Starting at the line that contains "meimeidaisky's tweet photo. 最近はソファーの下がお気に入り", print every remaining line of the entries, unchanged, and output nothing more.

⟨

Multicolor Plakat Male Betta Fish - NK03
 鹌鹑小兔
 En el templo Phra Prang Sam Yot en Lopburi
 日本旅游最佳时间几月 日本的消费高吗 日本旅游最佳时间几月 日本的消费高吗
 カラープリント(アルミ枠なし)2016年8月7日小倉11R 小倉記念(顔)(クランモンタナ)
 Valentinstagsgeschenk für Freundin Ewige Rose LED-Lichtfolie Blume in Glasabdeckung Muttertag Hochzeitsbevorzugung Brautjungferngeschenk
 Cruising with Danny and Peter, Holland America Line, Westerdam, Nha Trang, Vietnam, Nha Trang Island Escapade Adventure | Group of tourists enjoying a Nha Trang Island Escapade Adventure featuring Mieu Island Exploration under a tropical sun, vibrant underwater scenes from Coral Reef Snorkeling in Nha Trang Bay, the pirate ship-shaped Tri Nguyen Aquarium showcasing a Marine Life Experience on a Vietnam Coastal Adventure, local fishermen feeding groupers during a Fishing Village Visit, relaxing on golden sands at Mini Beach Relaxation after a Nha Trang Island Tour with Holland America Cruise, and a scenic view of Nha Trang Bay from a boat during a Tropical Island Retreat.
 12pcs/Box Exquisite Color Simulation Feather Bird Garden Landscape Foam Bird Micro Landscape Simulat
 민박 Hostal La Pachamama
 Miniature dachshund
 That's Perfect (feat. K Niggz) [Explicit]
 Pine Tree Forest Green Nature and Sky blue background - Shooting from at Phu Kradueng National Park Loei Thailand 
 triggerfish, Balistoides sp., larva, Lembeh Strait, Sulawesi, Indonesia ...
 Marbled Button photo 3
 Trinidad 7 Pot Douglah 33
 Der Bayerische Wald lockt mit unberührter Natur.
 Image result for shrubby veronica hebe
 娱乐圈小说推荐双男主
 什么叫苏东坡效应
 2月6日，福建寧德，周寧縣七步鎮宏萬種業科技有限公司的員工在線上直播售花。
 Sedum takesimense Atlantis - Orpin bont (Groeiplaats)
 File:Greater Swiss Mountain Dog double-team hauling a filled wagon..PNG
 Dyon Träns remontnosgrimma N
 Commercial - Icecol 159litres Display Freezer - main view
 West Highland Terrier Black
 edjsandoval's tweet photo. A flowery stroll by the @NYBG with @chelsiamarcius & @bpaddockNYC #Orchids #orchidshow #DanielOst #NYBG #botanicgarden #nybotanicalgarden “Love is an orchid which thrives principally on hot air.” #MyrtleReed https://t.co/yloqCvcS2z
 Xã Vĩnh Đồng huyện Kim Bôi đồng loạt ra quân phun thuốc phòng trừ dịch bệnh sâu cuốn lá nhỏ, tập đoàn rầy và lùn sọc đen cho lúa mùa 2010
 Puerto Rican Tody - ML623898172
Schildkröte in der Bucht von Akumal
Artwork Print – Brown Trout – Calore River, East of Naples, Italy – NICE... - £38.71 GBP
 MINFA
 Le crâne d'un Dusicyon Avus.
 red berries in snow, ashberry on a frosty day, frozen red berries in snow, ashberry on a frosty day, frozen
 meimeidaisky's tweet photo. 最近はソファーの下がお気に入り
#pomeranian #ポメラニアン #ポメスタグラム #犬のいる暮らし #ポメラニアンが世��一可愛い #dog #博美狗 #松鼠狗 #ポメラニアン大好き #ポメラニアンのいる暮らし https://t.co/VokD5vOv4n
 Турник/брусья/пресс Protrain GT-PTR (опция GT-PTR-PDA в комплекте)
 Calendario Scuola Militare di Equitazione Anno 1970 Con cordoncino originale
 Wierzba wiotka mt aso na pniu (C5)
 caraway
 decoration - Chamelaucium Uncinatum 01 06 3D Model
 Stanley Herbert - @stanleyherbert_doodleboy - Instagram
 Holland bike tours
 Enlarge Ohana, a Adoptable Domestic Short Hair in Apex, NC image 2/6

⟩

| Task answer |
 meimeidaisky's tweet photo. 最近はソファーの下がお気に入り
#pomeranian #ポメラニアン #ポメスタグラム #犬のいる暮らし #ポメラニアンが世��一可愛い #dog #博美狗 #松鼠狗 #ポメラニアン大好き #ポメラニアンのいる暮らし https://t.co/VokD5vOv4n
 Турник/брусья/пресс Protrain GT-PTR (опция GT-PTR-PDA в комплекте)
 Calendario Scuola Militare di Equitazione Anno 1970 Con cordoncino originale
 Wierzba wiotka mt aso na pniu (C5)
 caraway
 decoration - Chamelaucium Uncinatum 01 06 3D Model
 Stanley Herbert - @stanleyherbert_doodleboy - Instagram
 Holland bike tours
 Enlarge Ohana, a Adoptable Domestic Short Hair in Apex, NC image 2/6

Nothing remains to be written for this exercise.